━━ SOURCE DATA
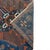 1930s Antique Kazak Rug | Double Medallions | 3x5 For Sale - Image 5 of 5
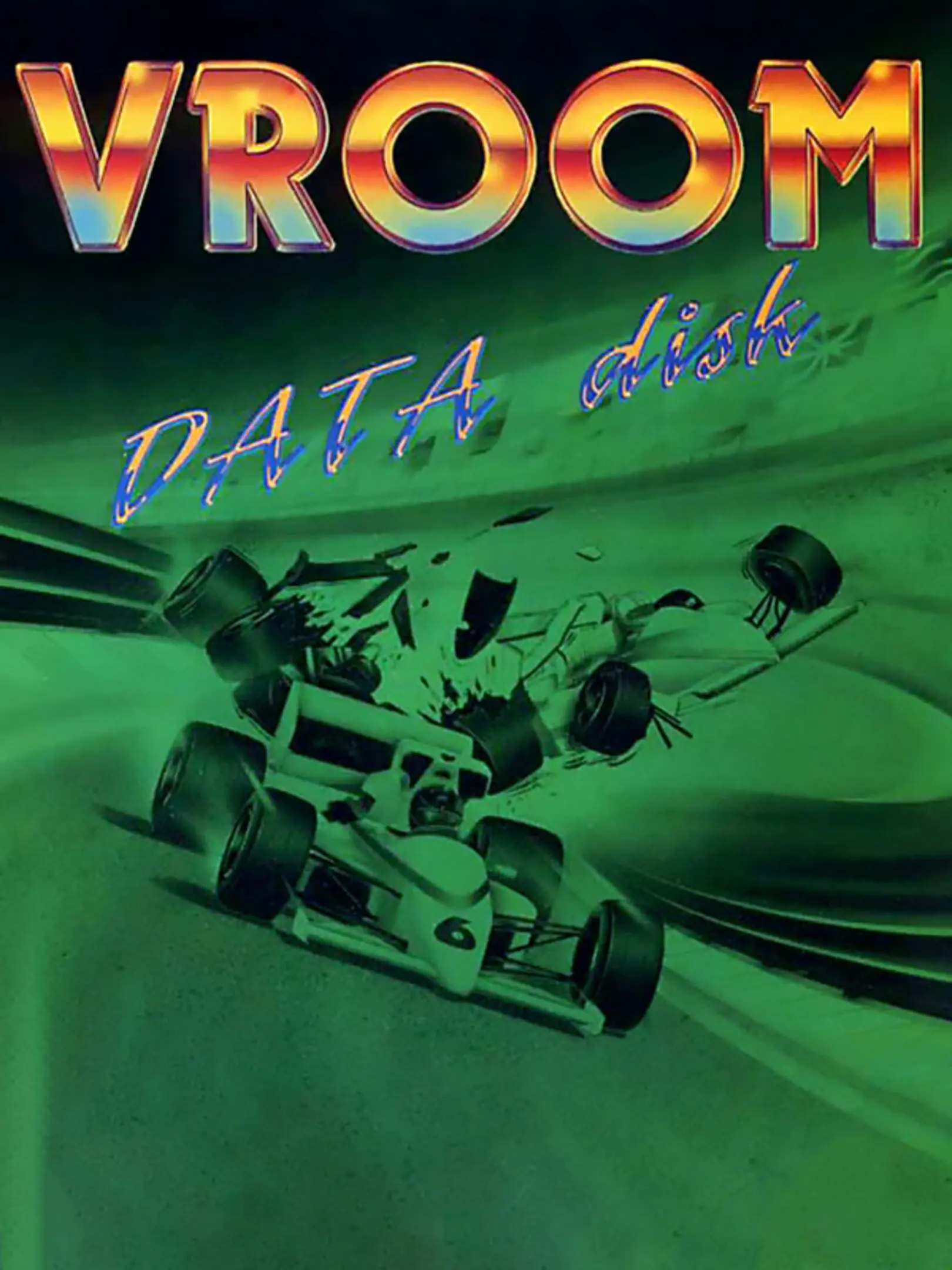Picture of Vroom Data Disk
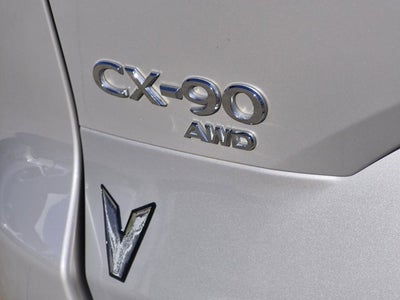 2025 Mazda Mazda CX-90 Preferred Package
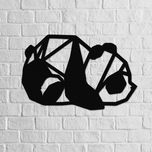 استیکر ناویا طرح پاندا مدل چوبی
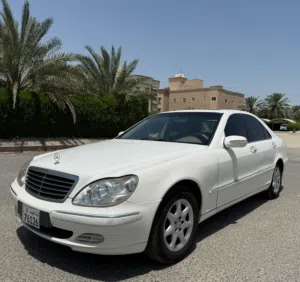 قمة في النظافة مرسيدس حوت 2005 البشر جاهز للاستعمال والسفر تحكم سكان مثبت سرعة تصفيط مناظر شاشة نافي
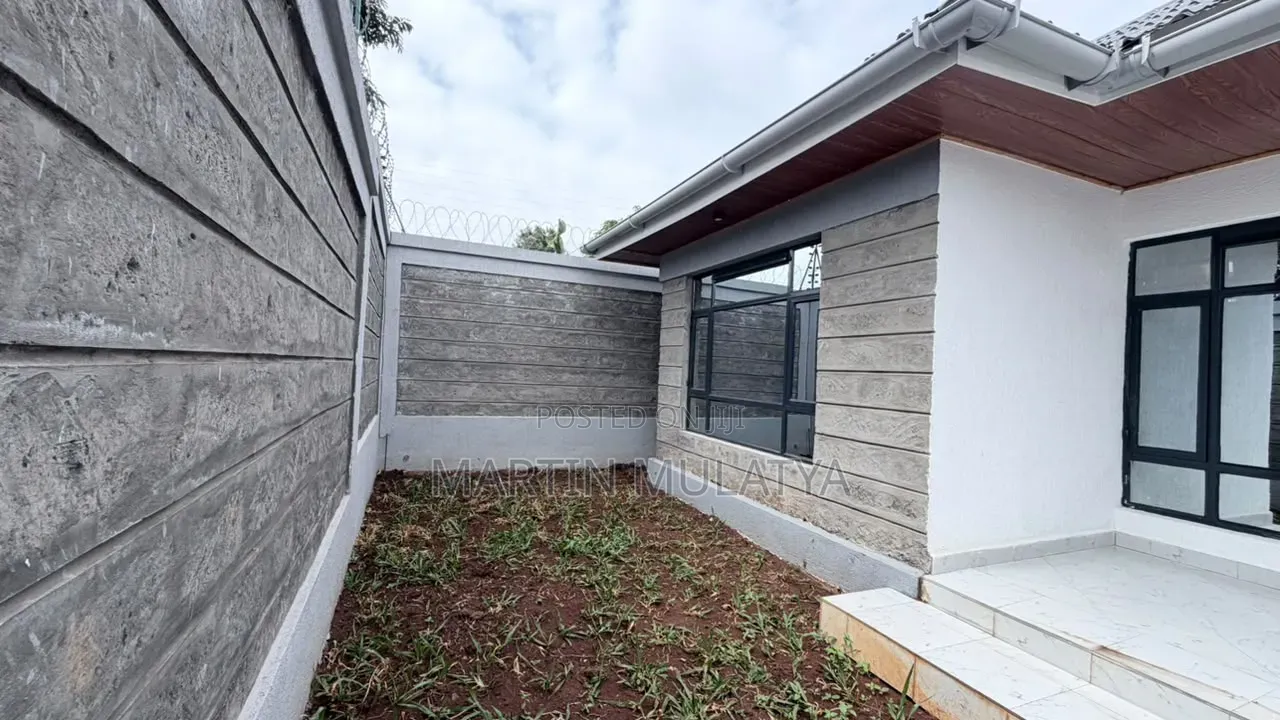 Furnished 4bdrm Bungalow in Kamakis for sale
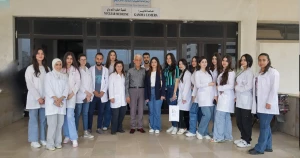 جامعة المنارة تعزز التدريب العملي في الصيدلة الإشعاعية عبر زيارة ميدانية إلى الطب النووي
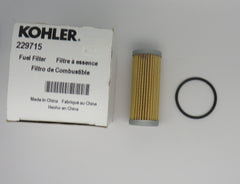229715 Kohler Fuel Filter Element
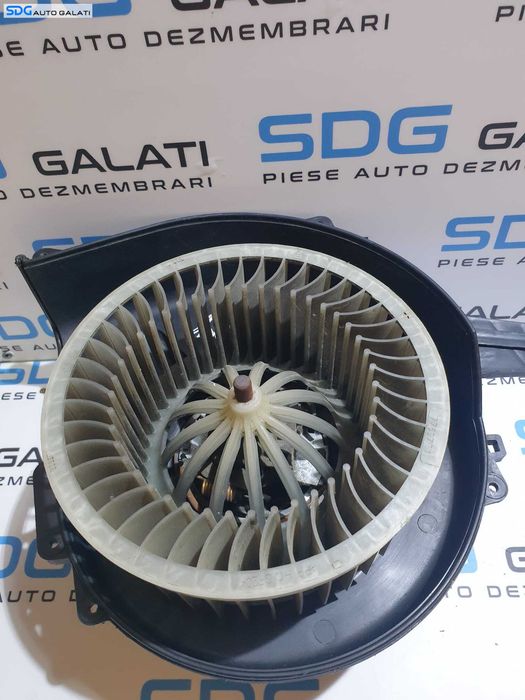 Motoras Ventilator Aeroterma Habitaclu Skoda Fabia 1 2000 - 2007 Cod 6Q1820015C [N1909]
━━━━
━━ SOURCE DATA
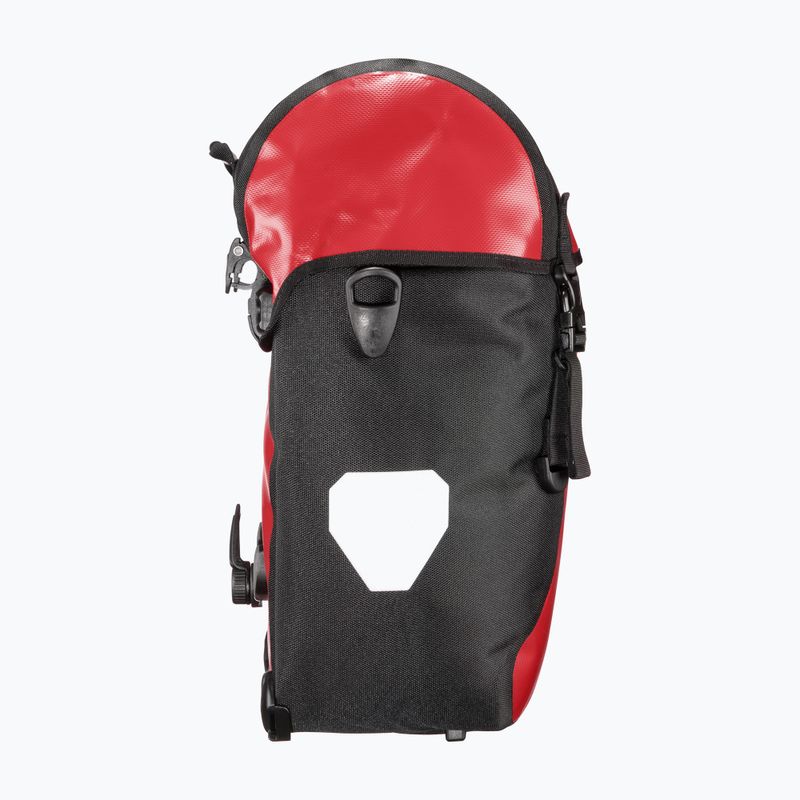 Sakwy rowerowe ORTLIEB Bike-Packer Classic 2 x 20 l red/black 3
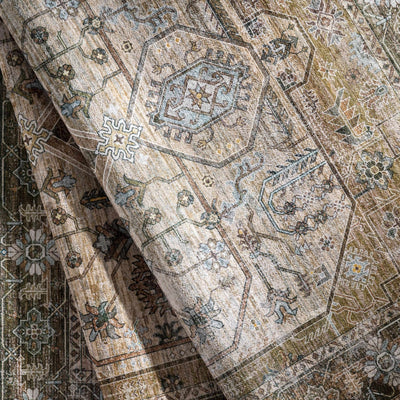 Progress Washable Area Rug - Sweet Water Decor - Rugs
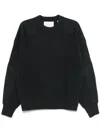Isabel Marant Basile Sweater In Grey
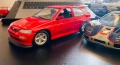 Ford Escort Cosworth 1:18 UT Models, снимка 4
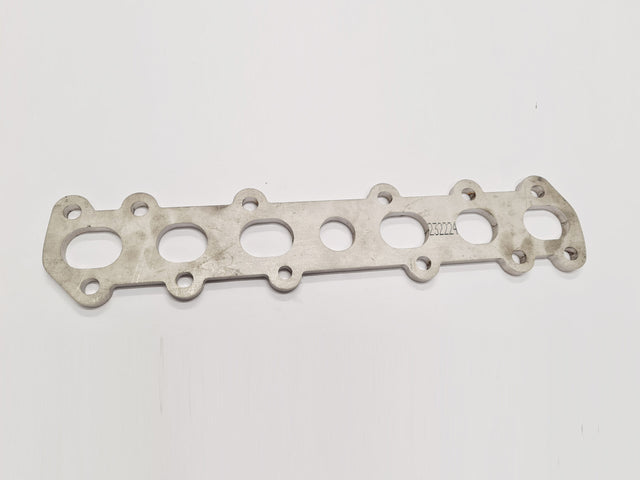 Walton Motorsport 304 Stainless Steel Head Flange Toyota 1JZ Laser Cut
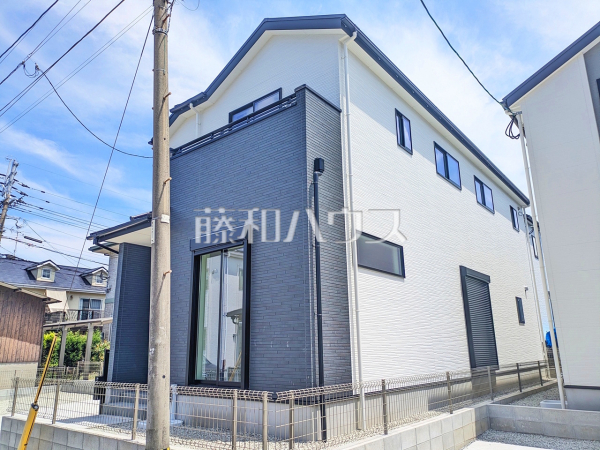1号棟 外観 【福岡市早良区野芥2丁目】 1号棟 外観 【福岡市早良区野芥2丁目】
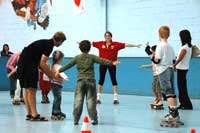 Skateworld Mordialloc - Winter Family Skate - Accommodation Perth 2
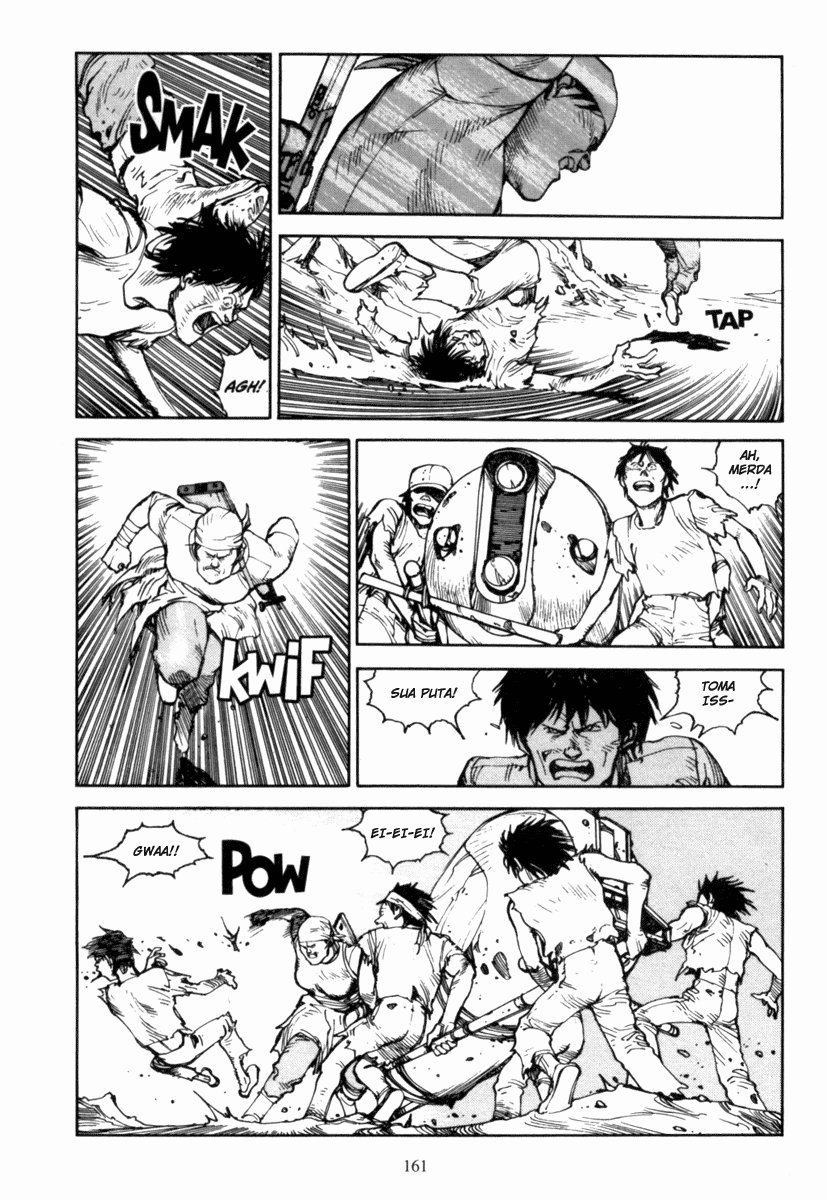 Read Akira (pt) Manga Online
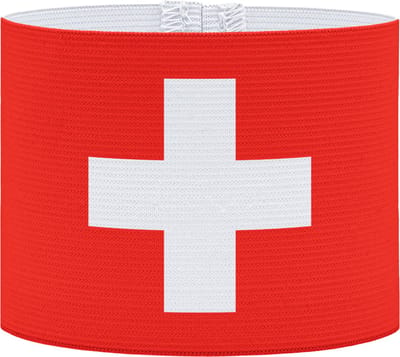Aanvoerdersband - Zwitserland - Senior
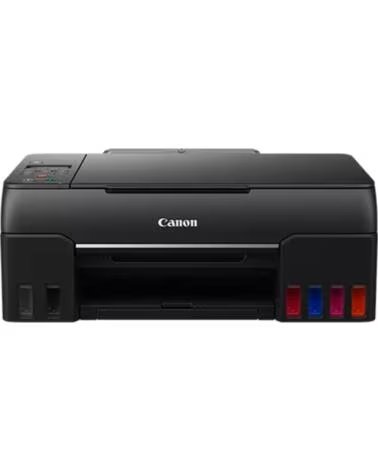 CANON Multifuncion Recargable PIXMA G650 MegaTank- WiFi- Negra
━━━━
━━ SOURCE DATA
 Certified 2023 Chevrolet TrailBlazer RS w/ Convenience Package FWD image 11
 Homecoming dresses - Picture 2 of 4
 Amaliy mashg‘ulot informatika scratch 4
━━━━
- TASK ITEM:
Would you print exactly the lines in the listing above, from the line bearing "Read Akira (pt) Manga Online" through the line bearing "CANON Multifuncion Recargable", leaving out all pictures?

- RESULT OF THIS EXERCISE:
 Read Akira (pt) Manga Online
Aanvoerdersband - Zwitserland - Senior
 CANON Multifuncion Recargable PIXMA G650 MegaTank- WiFi- Negra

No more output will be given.